The schemes in group two

Although TPR don’t say this, there is an assumption that solvent schemes will aspire to buy-out. However, the emphasis here is changing

Schemes may consider the emerging options such as consolidators, capital-backed journey plans, and the recent consultation on a public sector consolidator via the Pension Protection Fund. We would expect improved funding levels to allow for such options to be explored and whether they would be in members’ interests.

But the Pensions Regulator shows a degree of caution that suggests that innovation is still “tomorrow’s world”

It may be reasonable for some trustees to take a ‘wait and see’ approach, given the immaturity of these options.

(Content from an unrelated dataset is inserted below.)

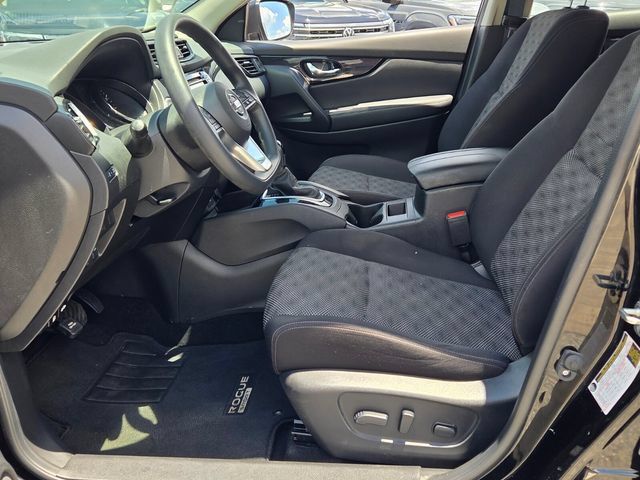 Used 2020 Nissan Rogue Sport SV AWD/4WD image 5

And schemes are asked to specifically “wait and see” what TPR has to say on new ideas

 We intend to publish guidance on DB alternative arrangements for consolidation later this year, which will provide more detail.


Of course for many distressed schemes, there is not time to “wait and see

In recent weeks, I have come across examples of trustees preferring the haircut of the PPF to the offer of co-sponsorship through a capital backed journey plan.

There are very real issues here to do with member’s pensions. A wait and see strategy is not appropriate where a scheme loses its sponsor and where the funding position is too weak to consider self-sufficiency.  But there are alternative solutions in the market to help and I hope that the Pensions Regulator will recognise that the time to act on these is now.


The DB funding code

We had been published the final version of the long consulted upon DB funding code in April, it is now rumoured to be publishable in the summer with implementation from September.

If this document is its prequel, then those who anticipate a radical departure from the past will be disappointed. There are some comments on yesterday’s statement expressing disappointment that the Pensions Regulator is not moving faster towards a more permissive regime that allows schemes more autonomy on investment and less reliance on covenant.

My feeling is that this paper is at the vanguard of actual practice at TPR and that the actual guidance being given by case-workers continues to lag the positive notes achieved in this document.

The delays in the production of the DB funding code reflect the deep conservatism within a regulator that has always taken “risk-based” to mean “risk elimination”. That points to a quiet graveyard – not the destination of choice for me!